* **TASK ITEM**: Repeat exactly, and only, the lines from the one holding "hand of professional" through the last line of the records below.

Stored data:
□ □ □ □ □

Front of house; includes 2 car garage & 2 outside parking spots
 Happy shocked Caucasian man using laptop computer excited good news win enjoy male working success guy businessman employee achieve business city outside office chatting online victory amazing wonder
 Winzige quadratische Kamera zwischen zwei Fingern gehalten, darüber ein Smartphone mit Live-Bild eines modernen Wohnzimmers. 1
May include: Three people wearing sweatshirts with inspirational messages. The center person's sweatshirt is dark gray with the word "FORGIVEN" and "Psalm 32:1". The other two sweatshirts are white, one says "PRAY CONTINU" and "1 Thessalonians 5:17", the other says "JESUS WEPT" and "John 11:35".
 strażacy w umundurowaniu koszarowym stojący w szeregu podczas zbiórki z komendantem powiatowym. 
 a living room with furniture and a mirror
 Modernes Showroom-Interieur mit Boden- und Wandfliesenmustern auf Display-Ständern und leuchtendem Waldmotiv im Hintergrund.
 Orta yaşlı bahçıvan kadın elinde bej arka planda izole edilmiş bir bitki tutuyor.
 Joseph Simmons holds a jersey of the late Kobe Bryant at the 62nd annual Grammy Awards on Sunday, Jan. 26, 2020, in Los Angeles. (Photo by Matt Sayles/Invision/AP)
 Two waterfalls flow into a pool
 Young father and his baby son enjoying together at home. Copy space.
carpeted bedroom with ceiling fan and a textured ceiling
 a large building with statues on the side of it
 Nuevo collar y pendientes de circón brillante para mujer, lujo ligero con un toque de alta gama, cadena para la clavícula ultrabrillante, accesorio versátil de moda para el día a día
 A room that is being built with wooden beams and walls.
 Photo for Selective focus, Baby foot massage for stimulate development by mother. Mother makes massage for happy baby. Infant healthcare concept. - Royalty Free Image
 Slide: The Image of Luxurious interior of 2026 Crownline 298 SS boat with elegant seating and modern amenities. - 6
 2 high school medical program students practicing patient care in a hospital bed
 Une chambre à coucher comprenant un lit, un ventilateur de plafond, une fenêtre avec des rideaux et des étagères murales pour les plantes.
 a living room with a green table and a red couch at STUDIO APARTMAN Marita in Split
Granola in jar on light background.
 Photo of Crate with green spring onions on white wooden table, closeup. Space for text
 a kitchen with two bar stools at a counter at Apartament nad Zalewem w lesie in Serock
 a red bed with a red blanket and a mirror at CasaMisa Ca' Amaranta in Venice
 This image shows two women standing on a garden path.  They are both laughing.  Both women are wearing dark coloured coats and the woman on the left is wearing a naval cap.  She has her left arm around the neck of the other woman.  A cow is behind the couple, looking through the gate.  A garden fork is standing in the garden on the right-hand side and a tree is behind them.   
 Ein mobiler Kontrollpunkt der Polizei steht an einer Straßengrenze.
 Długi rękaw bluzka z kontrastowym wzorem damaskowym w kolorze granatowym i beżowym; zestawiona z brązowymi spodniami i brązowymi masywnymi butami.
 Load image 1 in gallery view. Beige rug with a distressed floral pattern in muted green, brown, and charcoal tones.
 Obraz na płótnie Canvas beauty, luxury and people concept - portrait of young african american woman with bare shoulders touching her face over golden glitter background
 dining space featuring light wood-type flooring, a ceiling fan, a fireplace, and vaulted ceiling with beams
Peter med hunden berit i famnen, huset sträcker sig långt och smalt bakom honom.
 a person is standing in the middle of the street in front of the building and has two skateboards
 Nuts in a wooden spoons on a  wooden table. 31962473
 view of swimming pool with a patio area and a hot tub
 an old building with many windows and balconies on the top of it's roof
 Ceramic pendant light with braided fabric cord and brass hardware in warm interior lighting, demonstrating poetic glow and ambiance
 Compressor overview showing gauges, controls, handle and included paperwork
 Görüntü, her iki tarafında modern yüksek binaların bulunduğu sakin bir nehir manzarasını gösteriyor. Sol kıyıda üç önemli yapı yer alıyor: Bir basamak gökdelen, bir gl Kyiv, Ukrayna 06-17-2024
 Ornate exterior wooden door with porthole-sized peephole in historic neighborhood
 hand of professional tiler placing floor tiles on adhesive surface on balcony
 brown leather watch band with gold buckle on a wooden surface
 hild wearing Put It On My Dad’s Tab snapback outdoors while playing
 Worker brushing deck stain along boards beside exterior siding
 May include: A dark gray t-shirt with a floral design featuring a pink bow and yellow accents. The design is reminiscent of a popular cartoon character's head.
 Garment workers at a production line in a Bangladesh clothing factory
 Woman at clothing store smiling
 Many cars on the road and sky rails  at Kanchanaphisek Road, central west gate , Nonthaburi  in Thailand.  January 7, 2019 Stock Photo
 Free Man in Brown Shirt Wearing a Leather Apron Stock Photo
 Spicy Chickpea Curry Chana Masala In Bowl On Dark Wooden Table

□ □ □ □ □

* **SOLVED EXERCISE**:
 hand of professional tiler placing floor tiles on adhesive surface on balcony
 brown leather watch band with gold buckle on a wooden surface
 hild wearing Put It On My Dad’s Tab snapback outdoors while playing
 Worker brushing deck stain along boards beside exterior siding
 May include: A dark gray t-shirt with a floral design featuring a pink bow and yellow accents. The design is reminiscent of a popular cartoon character's head.
 Garment workers at a production line in a Bangladesh clothing factory
 Woman at clothing store smiling
 Many cars on the road and sky rails  at Kanchanaphisek Road, central west gate , Nonthaburi  in Thailand.  January 7, 2019 Stock Photo
 Free Man in Brown Shirt Wearing a Leather Apron Stock Photo
 Spicy Chickpea Curry Chana Masala In Bowl On Dark Wooden Table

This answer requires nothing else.